Even his challenge to Stefanik, which drew a public shot from Trump, allowed Roy to burnish his credentials as a conservative willing to take on the establishment. He notes that his first act as a congressman was to back Jim Jordan over Kevin McCarthy to be minority leader, and Roy won’t commit now to voting for McCarthy as speaker in 2023 if Republicans take the House: “I never commit to those sorts of things ahead of time.” Asked if he would rule out running for any spot in House leadership, including speaker if the GOP wins a majority, Roy says: “I would never rule anything out. I would never suggest to you that . . . that’s what my focus is here.”

Although he’s mostly gotten back on track with the GOP base, the one thing Roy hasn’t done is recant his criticism of Trump’s efforts to overturn the election. “I spoke loudly and forcefully about what I believe because I believe it’s my duty to do that,” Roy says.

The question hanging over the Republican Party is what happens if Trump runs again in 2024. If he does, and suffers a defeat, will he try to overturn it as illegitimate, 2020-style? It remains extremely unlikely that he could get Congress to do so. There were many guardrails that stopped him from getting close in 2020: The courts, many GOP state legislators, state and local election officials, and pro-Trump governors refused to go along with the scheme. The current terms of Republican senators who strongly opposed Trump’s post-election efforts — Ben Sasse, Susan Collins, Mitch McConnell, Tom Cotton, Bill Cassidy, and others — don’t expire until 2027.

But it’s worth taking seriously the small chance of a catastrophic event. If history repeats itself in 2024 but some of the guardrails fail, it could depend on Republican senators and congressmen like Roy to ensure that America remains a republic.

What does Roy say to voters concerned that Republicans would go along with a scheme to overturn the results of the Electoral College in 2024 if they control Congress and had the power to do it?

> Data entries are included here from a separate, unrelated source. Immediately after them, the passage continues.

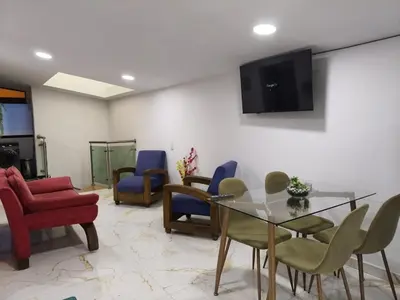 a living room with a glass table and chairs at Hermoso apartamento en la Dalia Marinilla Antq in Marinilla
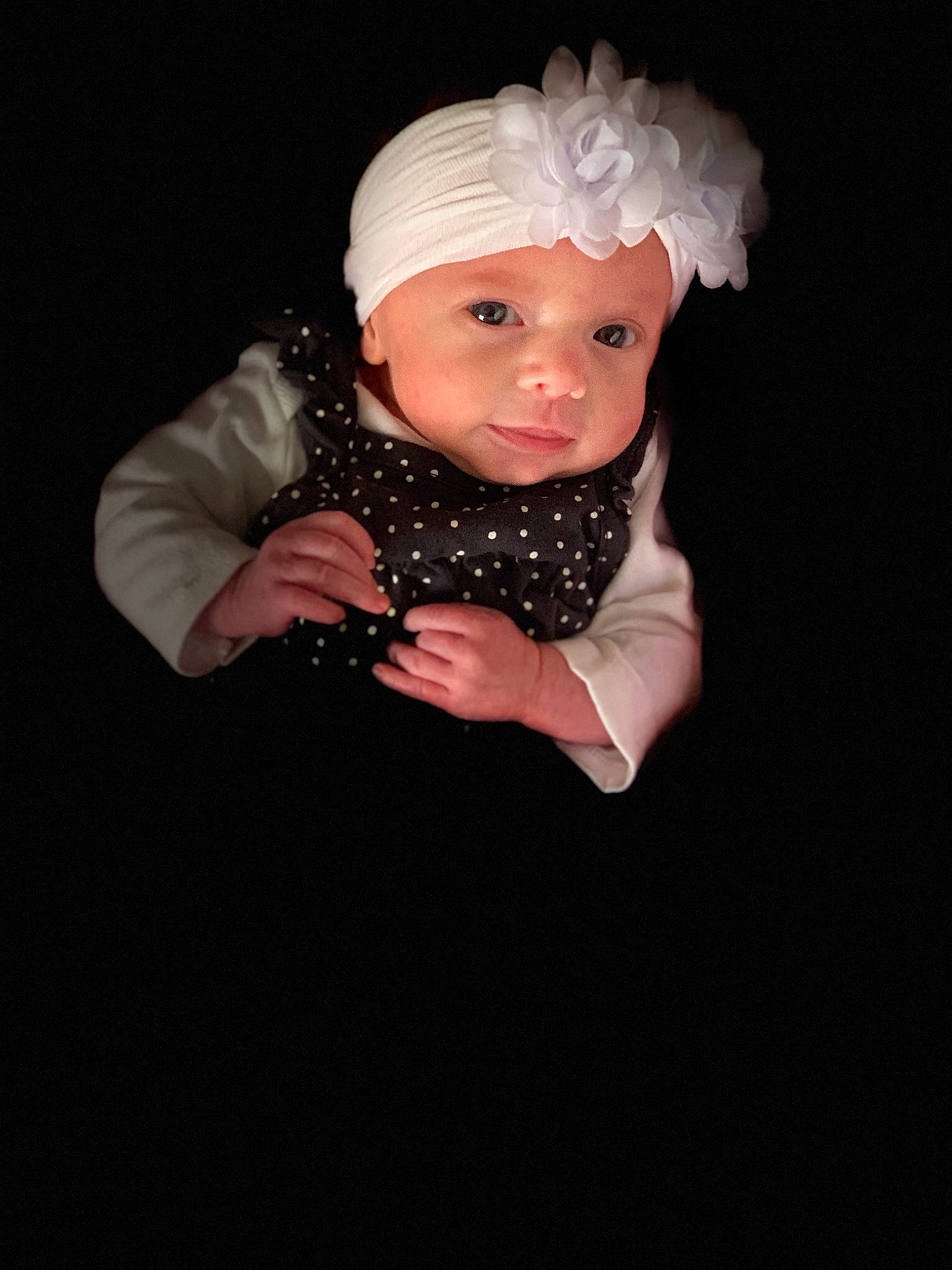 Evelynne Mae is registered to the contest to win money with this photo: baby, bonnet, child, child_model, costume_accessory, fashion_accessory, flash_photography, hair_accessory, hand, head, headgear, headpiece, person, photography, portrait, portrait_photography, smile, toddler, white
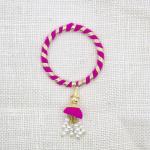 Handcrafted Pink and Gold Rakhi with Pearl Tassel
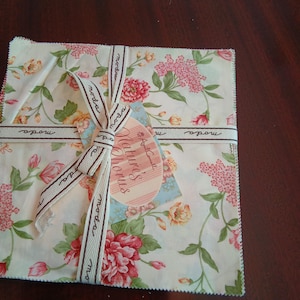 May include: A square stack of floral fabric squares tied with a ribbon. The fabric features a cream background with pink, red, and yellow flowers and green leaves. A tag with the words "Nature's Chorus" is attached.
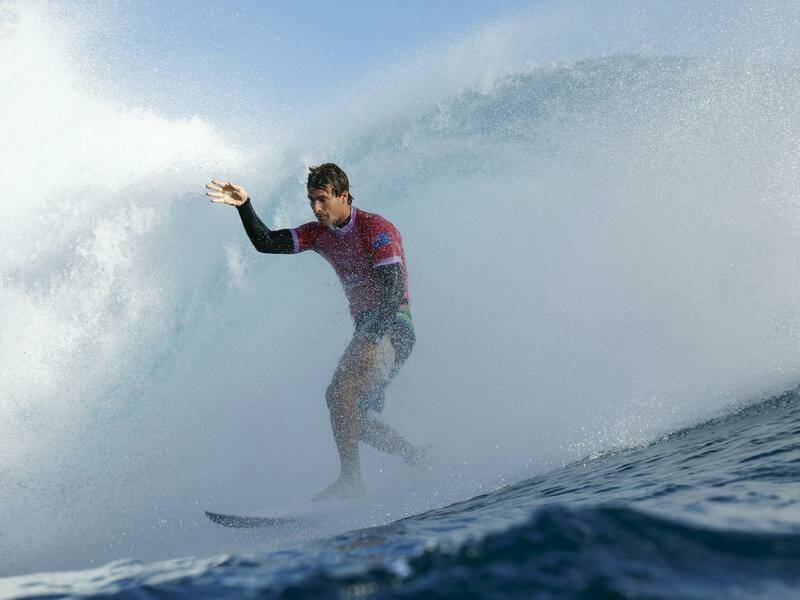 Jack Robinson waves to the crowd as he scores the best result of the Olympic surfing competition. Photo: AP PHOTO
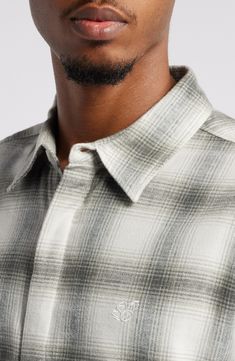 A softly brushed blend of cotton, linen and wool brings exceptional comfort to a shirt that's patterned in a gradient check and sized for layering in the cold. Hidden-button placket Spread collar Long sleeves with button cuffs 56% cotton, 30% linen, 14% wool Dry clean or hand wash, dry flat Imported Plaid Wool Long Sleeve Shirt, Plaid Wool Shirt For Fall, Casual Plaid Wool Top, Fall Plaid Wool Shirt, Casual Wool Shirt With Relaxed Fit, Classic Plaid Wool Flannel Shirt, Classic Wool Plaid Flannel Shirt, Casual Plaid Wool Shirt, Classic Plaid Wool Tops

He answers at first by saying that, “if Joe Biden continues to do what he does, then you’re gonna have a landslide along the lines of 1980 in the wake of Jimmy Carter. . . . That’s what I actually believe. I don’t think it will be close.”

“To answer your question directly, there’s a reason I took the position I took,” Roy continues. “The rule of law must govern. The rule of law must be what decides. I neither want, you know, a Nancy Pelosi House of Representatives to make a determination over the will and interest of Texans in terms of our electors any more than I want a hypothetical Republican” leader to do the same.

“Under the Twelfth Amendment of the Constitution, the states send us the electors, and then we count the electors,” he says. “Otherwise our whole federal system gets turned on its head, and we’re more like a parliament than we are a republic.”

Roy notes that the Electoral Count Act of 1887 ought to come into play only when states send competing slates of electors, as has occurred on rare occasions in U.S. history. But what if a GOP-controlled state legislature actually did send a competing slate of electors to Washington in 2024?

Roy notes that the courts would litigate contested claims, but if members of Congress were actually presented with competing slates of electors, “you choose to accept or reject either of those slates of electors. . . . Then we just have to use our judgment based on the statute.”

How can Roy assure his constituents that his best judgment would be to vote to certify the electors of the candidate who actually received the most votes in a contested state? Roy says simply, pointing to his votes on January 6: “Because that’s what I did.”